● **Task statement**
Transcribe everything in the records exactly. Skip the images.

● **Records shown**
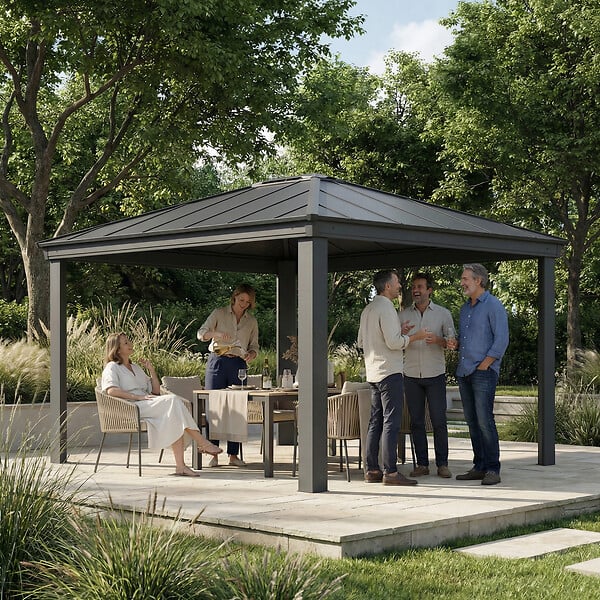 CANOPIA - Canopia Tonnelle de jardin Dallas 3,6X4,3 Gris - large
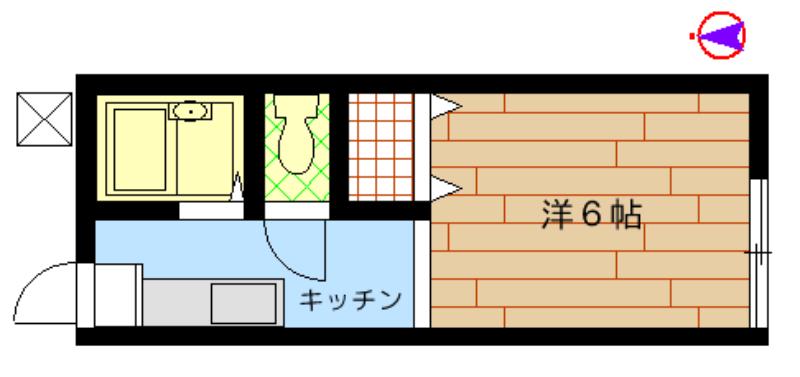 カトレアハイツ(1K/2階)の間取り写真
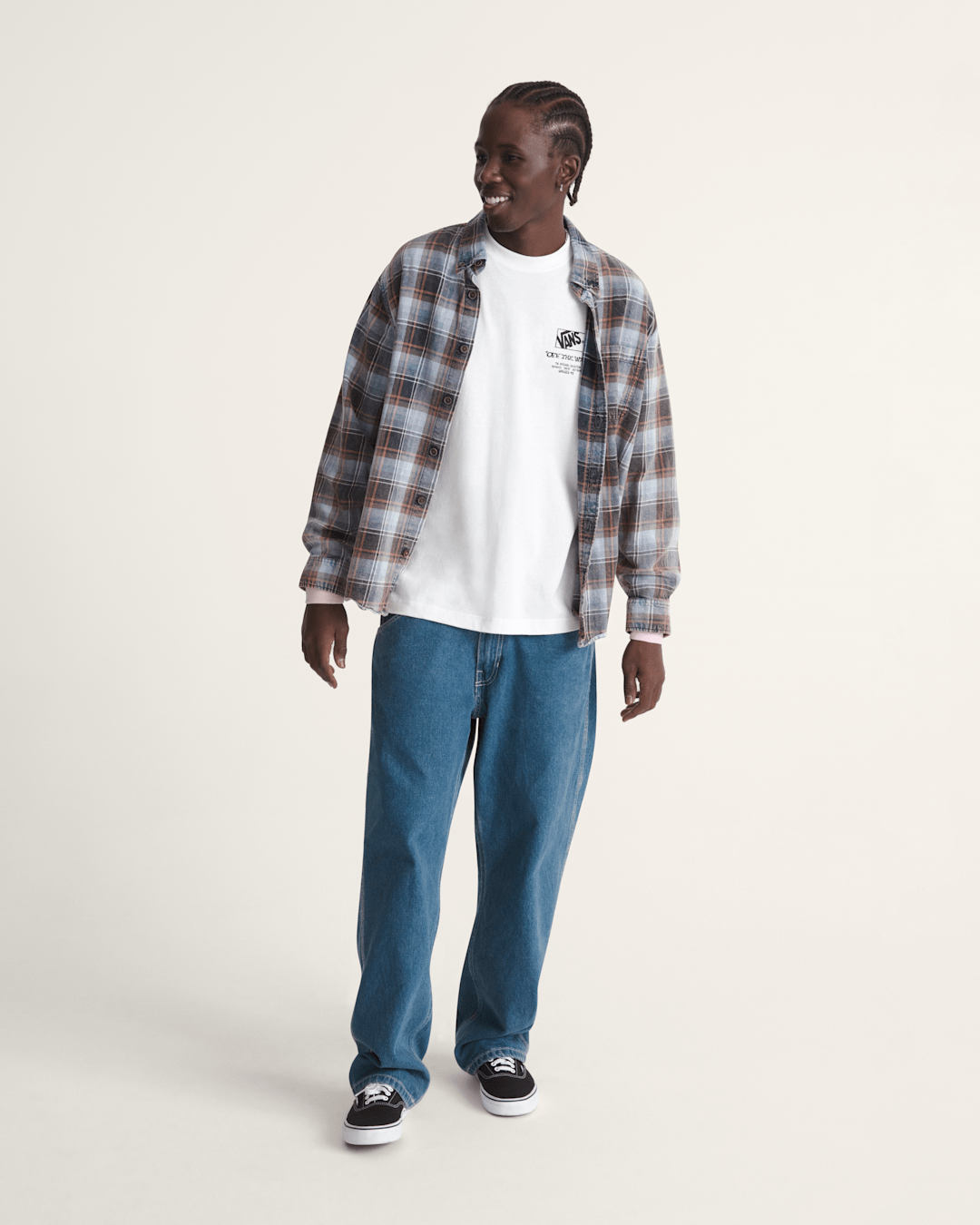 Women|Men Vans Waffle Shop Reimagined 2Fer Flannel Shirt in Grey / Blue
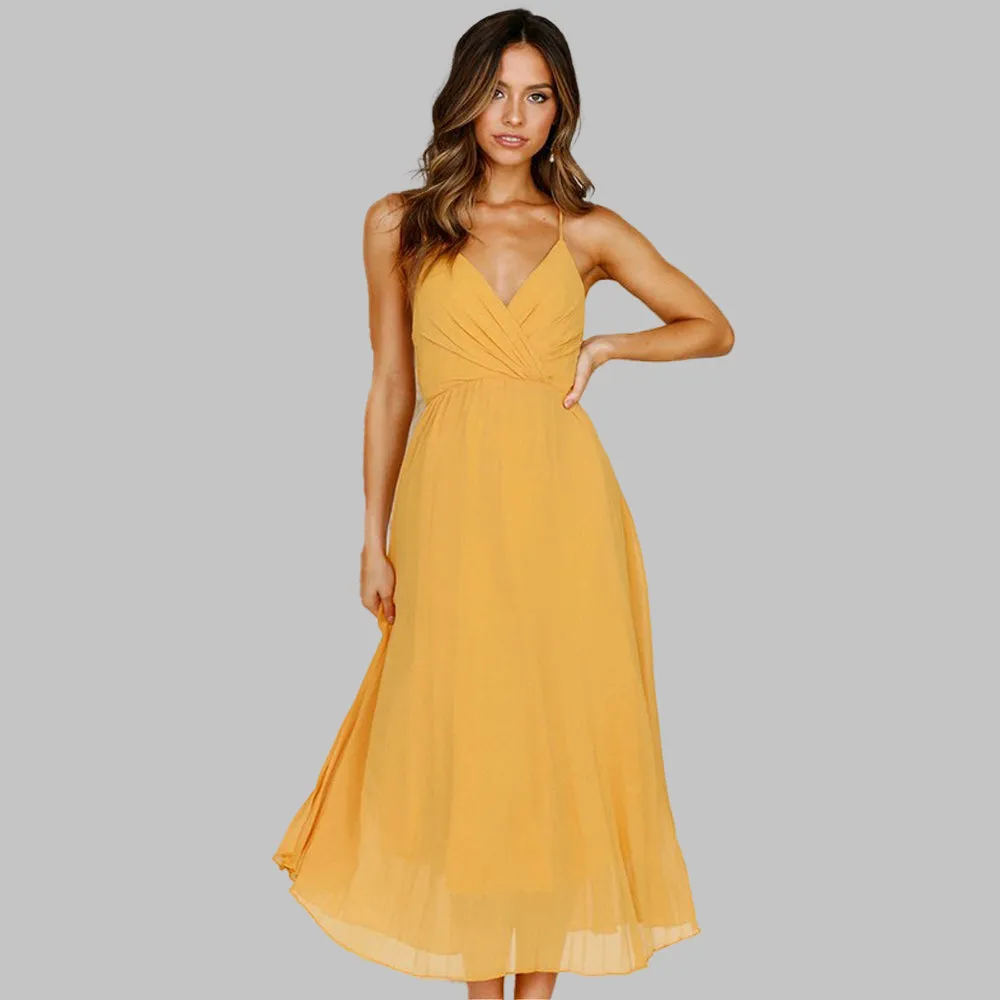 Chiffon Sling Halter Midi Dress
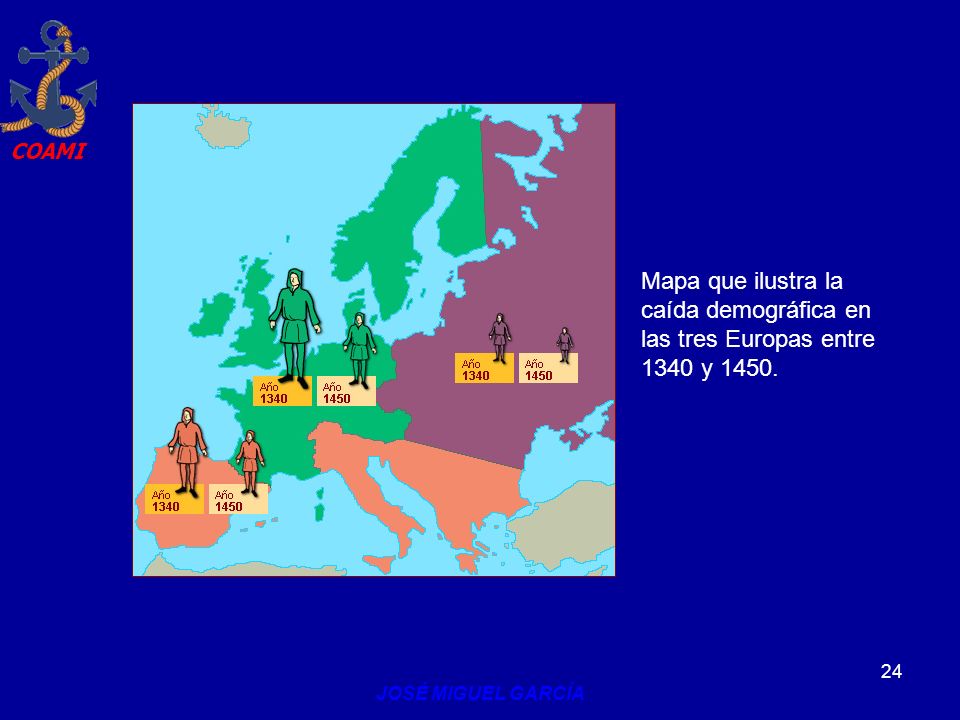 Mapa que ilustra la caída demográfica en las tres Europas entre 1340 y 1450.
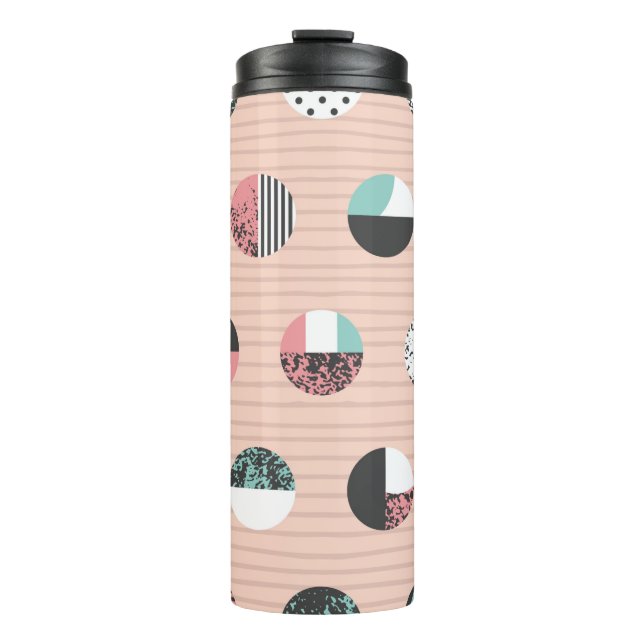Graphic patterned circles seamless pattern. Vintag Thermal Tumbler (Front)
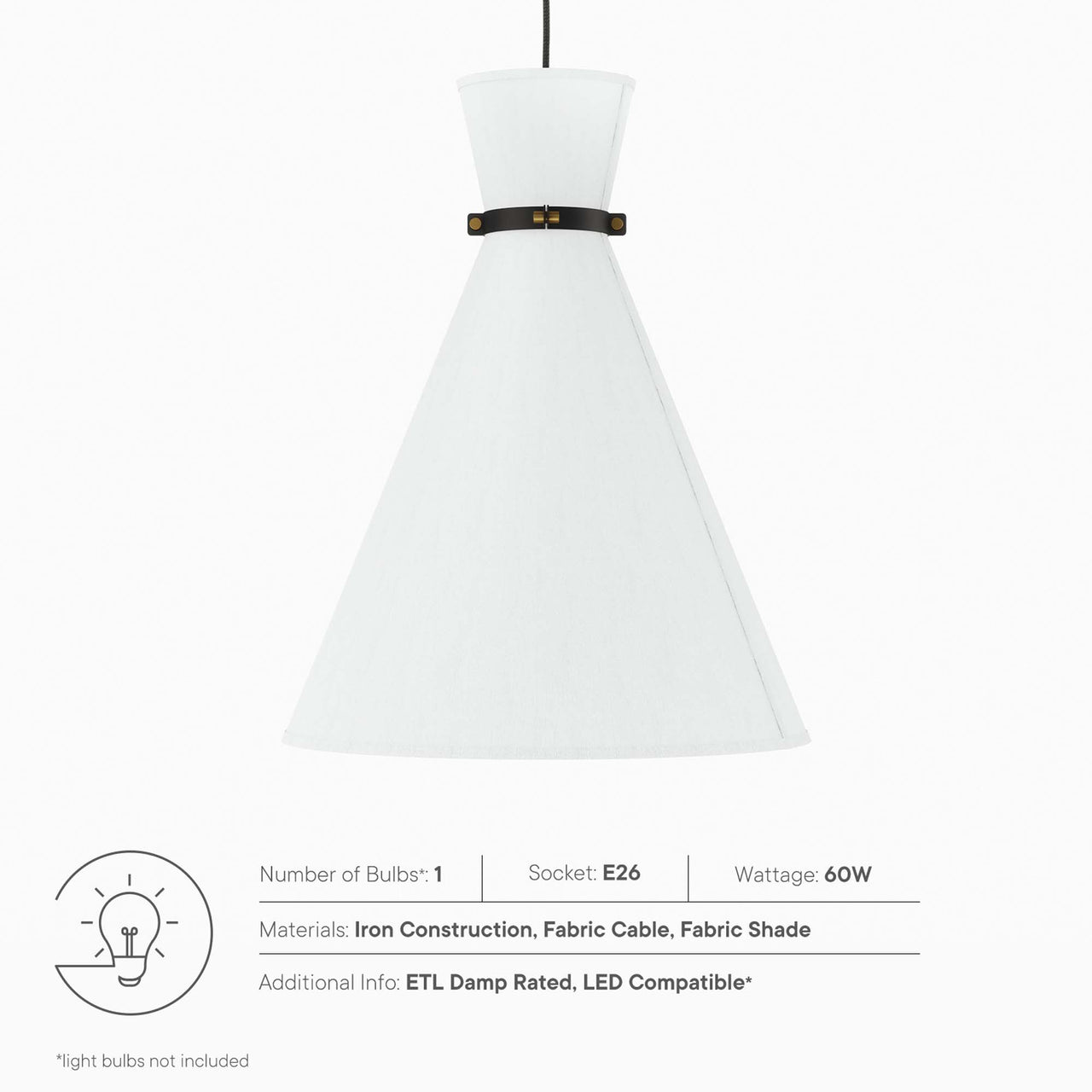 Beacon Pendant Light, White & Satin Brass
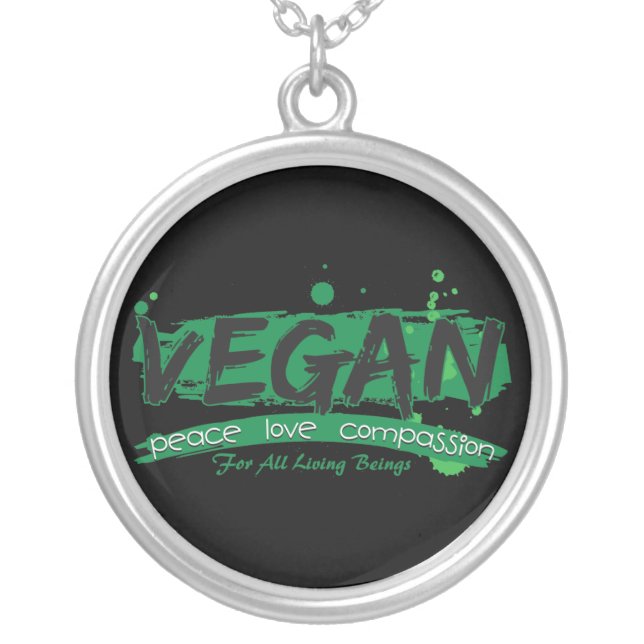 Vegan Peace Love Compassion Silver Plated Necklace (Front)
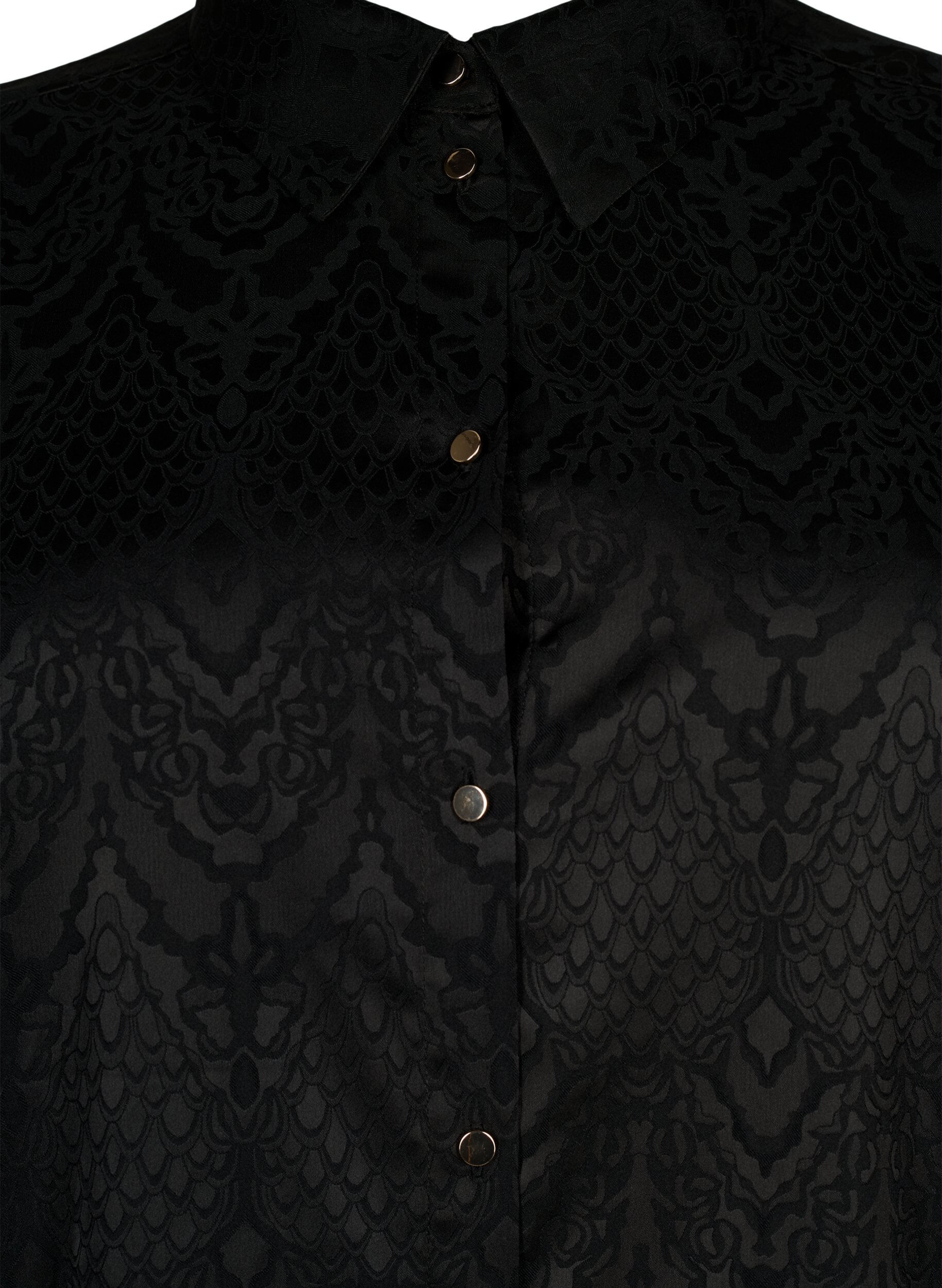 Zizzi Long-Shirt mit Strukturmuster, Black, Packshot image number 2
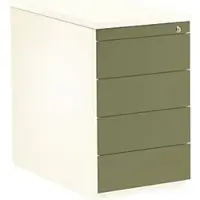 Mauser Schubladencontainer, HxT 720x800mm, 4 Schubladen, reinweiß/schilfgrün
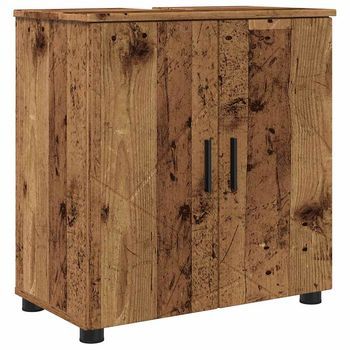 Gabinete De Baño | Armario De Baño Con Puerta Madera Vieja 61 X 35 X 64 Cm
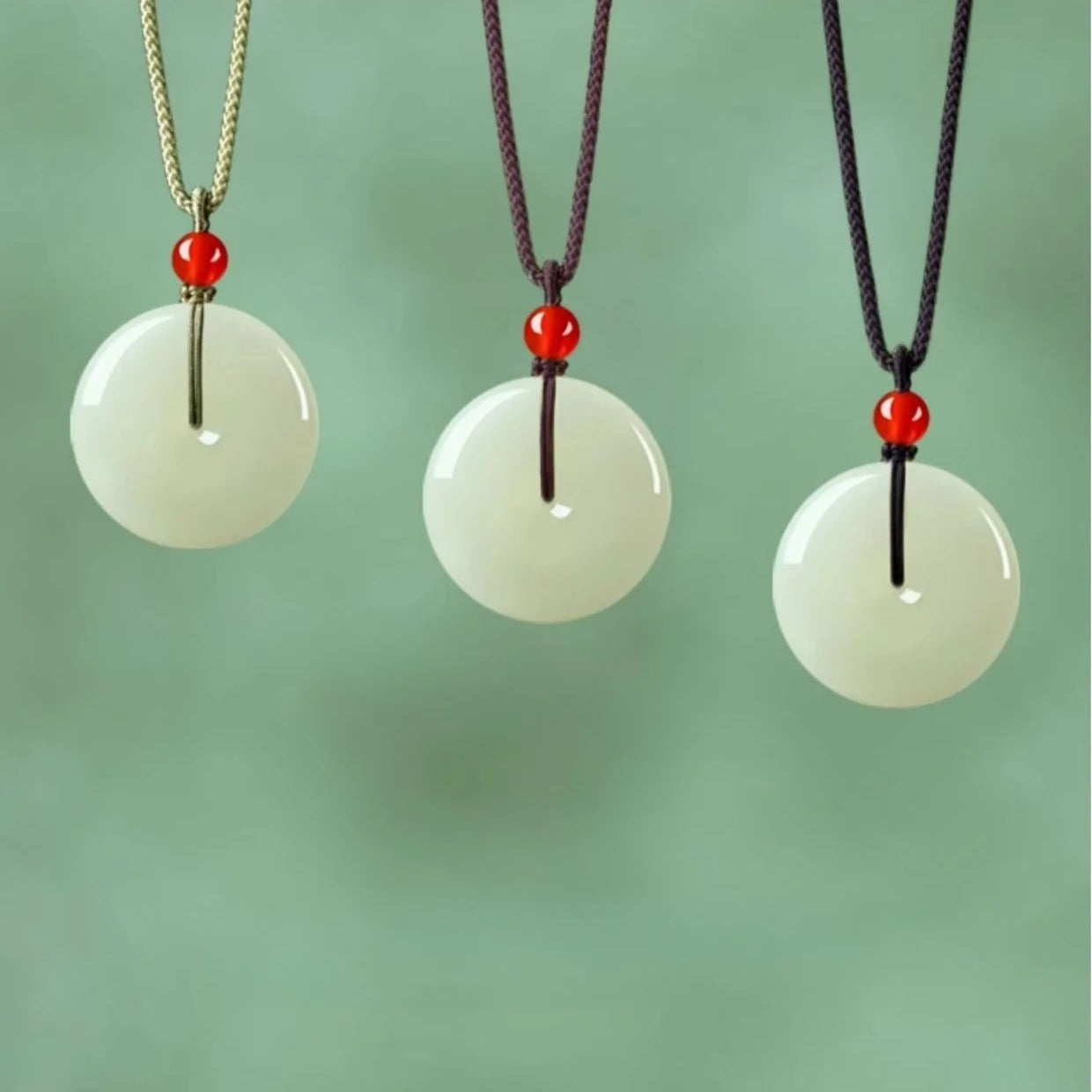 natural hetian jade ping an pendant necklace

● **Exercise result**
 CANOPIA - Canopia Tonnelle de jardin Dallas 3,6X4,3 Gris - large
 カトレアハイツ(1K/2階)の間取り写真
 Women|Men Vans Waffle Shop Reimagined 2Fer Flannel Shirt in Grey / Blue
 Chiffon Sling Halter Midi Dress
 Mapa que ilustra la caída demográfica en las tres Europas entre 1340 y 1450.
Graphic patterned circles seamless pattern. Vintag Thermal Tumbler (Front)
 Beacon Pendant Light, White & Satin Brass
 Vegan Peace Love Compassion Silver Plated Necklace (Front)
 Zizzi Long-Shirt mit Strukturmuster, Black, Packshot image number 2
 Mauser Schubladencontainer, HxT 720x800mm, 4 Schubladen, reinweiß/schilfgrün
 Gabinete De Baño | Armario De Baño Con Puerta Madera Vieja 61 X 35 X 64 Cm
 natural hetian jade ping an pendant necklace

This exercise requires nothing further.